What you should do
Copy exactly the line containing "Dịch vụ xe ba" and all lines after it, through the last line of the material below; omit everything before it.

Input data START

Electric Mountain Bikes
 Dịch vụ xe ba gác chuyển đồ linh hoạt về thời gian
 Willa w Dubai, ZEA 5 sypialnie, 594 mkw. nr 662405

Input data END

Result for this exercise
 Dịch vụ xe ba gác chuyển đồ linh hoạt về thời gian
 Willa w Dubai, ZEA 5 sypialnie, 594 mkw. nr 662405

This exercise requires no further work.